About this exercise » Give the lines below again exactly, starting with the line that holds "Obat Ambeien Kaskus thumbnail" and going on through the line that holds "Fig. 2. Detection".

Material for this task »

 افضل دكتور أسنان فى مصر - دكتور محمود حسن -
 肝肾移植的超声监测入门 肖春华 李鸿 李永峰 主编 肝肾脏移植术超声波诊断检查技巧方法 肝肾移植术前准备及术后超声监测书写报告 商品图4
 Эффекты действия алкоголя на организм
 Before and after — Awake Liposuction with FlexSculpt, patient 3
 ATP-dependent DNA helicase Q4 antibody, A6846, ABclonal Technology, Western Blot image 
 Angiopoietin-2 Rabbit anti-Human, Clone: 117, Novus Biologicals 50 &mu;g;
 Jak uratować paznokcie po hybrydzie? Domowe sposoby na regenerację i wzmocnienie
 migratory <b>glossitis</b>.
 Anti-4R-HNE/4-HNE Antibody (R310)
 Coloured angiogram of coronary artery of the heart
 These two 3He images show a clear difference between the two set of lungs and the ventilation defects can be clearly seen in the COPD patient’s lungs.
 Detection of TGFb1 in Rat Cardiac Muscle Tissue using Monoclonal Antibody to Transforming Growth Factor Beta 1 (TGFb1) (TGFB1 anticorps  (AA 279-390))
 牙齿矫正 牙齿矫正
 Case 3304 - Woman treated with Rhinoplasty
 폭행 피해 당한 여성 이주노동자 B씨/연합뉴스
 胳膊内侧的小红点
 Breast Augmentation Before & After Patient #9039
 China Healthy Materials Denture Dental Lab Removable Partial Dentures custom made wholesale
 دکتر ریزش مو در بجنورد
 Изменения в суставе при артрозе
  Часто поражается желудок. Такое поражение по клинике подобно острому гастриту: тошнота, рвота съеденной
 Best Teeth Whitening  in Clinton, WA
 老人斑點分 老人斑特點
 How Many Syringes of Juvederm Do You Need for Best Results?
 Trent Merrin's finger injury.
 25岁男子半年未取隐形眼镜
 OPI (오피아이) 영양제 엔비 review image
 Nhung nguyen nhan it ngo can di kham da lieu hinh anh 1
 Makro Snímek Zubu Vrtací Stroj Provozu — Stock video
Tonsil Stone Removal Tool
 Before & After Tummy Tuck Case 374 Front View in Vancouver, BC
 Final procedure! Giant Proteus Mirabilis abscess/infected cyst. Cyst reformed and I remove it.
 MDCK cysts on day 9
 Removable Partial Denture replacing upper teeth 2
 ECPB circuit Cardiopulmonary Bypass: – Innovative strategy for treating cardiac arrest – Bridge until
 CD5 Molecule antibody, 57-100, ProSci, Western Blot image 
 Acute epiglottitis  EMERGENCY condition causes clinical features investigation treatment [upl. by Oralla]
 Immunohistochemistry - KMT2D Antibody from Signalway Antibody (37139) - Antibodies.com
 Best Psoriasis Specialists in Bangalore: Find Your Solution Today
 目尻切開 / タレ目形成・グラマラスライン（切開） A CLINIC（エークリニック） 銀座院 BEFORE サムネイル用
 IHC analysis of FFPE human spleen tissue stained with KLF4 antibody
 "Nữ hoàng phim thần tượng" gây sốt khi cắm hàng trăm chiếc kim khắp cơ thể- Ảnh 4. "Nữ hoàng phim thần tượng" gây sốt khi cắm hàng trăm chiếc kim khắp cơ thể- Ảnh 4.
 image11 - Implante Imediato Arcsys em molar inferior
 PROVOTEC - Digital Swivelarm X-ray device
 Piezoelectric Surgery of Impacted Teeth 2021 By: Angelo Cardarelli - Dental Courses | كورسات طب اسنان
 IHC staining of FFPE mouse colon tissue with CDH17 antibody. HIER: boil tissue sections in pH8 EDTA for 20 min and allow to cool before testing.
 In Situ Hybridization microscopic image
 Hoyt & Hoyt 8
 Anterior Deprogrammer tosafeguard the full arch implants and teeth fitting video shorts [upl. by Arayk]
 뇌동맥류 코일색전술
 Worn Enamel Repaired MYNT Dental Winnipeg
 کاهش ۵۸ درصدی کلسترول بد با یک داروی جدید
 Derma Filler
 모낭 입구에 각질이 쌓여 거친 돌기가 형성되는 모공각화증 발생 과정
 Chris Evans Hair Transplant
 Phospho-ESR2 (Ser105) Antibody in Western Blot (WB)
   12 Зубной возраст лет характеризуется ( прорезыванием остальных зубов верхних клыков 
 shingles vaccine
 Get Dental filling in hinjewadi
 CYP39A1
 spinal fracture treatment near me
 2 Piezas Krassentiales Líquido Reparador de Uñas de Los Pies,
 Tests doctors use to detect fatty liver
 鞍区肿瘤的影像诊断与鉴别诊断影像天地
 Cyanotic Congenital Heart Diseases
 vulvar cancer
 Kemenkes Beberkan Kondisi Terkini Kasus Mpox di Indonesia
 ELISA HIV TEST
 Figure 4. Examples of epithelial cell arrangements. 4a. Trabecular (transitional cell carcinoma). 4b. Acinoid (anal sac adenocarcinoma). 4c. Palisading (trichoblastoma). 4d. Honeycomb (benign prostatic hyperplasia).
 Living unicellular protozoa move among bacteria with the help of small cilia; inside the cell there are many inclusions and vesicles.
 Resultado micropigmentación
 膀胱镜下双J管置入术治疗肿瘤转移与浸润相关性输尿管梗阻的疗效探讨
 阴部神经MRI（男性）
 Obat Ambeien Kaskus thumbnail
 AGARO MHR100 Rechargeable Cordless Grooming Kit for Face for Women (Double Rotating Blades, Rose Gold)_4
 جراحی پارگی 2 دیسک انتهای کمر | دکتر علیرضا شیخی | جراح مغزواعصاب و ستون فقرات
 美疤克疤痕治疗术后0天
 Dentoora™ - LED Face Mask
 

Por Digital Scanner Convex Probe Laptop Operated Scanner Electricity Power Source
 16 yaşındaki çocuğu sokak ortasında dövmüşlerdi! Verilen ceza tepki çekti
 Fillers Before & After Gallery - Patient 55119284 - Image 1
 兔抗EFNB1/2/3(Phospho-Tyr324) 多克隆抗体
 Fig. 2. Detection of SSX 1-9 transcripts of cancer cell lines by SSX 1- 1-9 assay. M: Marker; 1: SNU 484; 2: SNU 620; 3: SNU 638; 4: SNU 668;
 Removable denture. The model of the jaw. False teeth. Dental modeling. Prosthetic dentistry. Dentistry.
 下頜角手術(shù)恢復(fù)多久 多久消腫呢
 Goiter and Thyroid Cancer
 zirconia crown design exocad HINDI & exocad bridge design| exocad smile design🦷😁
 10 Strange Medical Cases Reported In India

Task answer »
 Obat Ambeien Kaskus thumbnail
 AGARO MHR100 Rechargeable Cordless Grooming Kit for Face for Women (Double Rotating Blades, Rose Gold)_4
 جراحی پارگی 2 دیسک انتهای کمر | دکتر علیرضا شیخی | جراح مغزواعصاب و ستون فقرات
 美疤克疤痕治疗术后0天
 Dentoora™ - LED Face Mask
 

Por Digital Scanner Convex Probe Laptop Operated Scanner Electricity Power Source
 16 yaşındaki çocuğu sokak ortasında dövmüşlerdi! Verilen ceza tepki çekti
 Fillers Before & After Gallery - Patient 55119284 - Image 1
 兔抗EFNB1/2/3(Phospho-Tyr324) 多克隆抗体
 Fig. 2. Detection of SSX 1-9 transcripts of cancer cell lines by SSX 1- 1-9 assay. M: Marker; 1: SNU 484; 2: SNU 620; 3: SNU 638; 4: SNU 668;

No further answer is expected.